Cardinal has indicated it wants EBS to be the first in a number of takeovers by the group as the banking sector is restructured under the EU-IMF bailout. The Irish-led consortium, which is backed by New York-based billionaire investor Wilbur Ross and US private equity group Carlyle, beat ILP to be chosen as preferred bidder for EBS last week.

Reporting its 2010 results yesterday, ILP said that it had retained the €3.6 billion in deposits transferred from Irish Nationwide as part of its wind-down since taking them over last Friday. The company offered voluntary redundancy to the 237 Irish Nationwide staff who were moved to ILP as part of the transfer. This represents more than half the building society’s original workforce.

Mr Murphy said the deposits from Irish Nationwide would help shrink Permanent TSB as part of the downsizing of the overall banking system.

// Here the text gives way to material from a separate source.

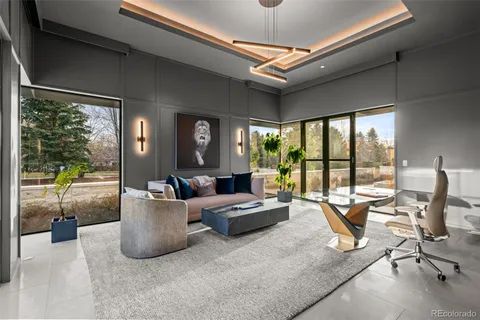 a projector room with furniture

The company would need to off-load more than €8 billion out of a total loan book of €38 billion to meet reduction targets set under the EU-IMF plan, he said.

The banks must dispose of tens of billions of euro worth of loans to reduce their size under the plan so they can stand alone without State support or funding from the Irish and European Central Banks.

Mr Murphy said that fire sales of “excess assets” would lead to further bank losses.

The alternative was to put them into “a long-term warehouse” to be sold or run down over time, he said.

The method to be used will be decided after the banks submit deleveraging plans by the end of the month, he said, and the scale of the excess assets in the banks would then be determined.

IL&P reported a loss of €197 million for 2010 as further declines in house prices increased bad debts at Permanent TSB, despite a strong performance by its pensions and investments business Irish Life.

Some 11,500 mortgages out of 178,000 at Permanent TSB were in arrears of 90 days or more at the end of last year, compared with 6,895 a year earlier.

Some 28 per cent of mortgages were in negative equity at the end of 2010.

IL&P has estimated that house prices will have fallen by 43 per cent at the end of this year, compared to the 38 per cent decline at the end of last year.

The company expects the Central Bank’s stress tests at the end of this month to consider the effect of house price falls of up to 60 per cent as part of its worst-case scenario.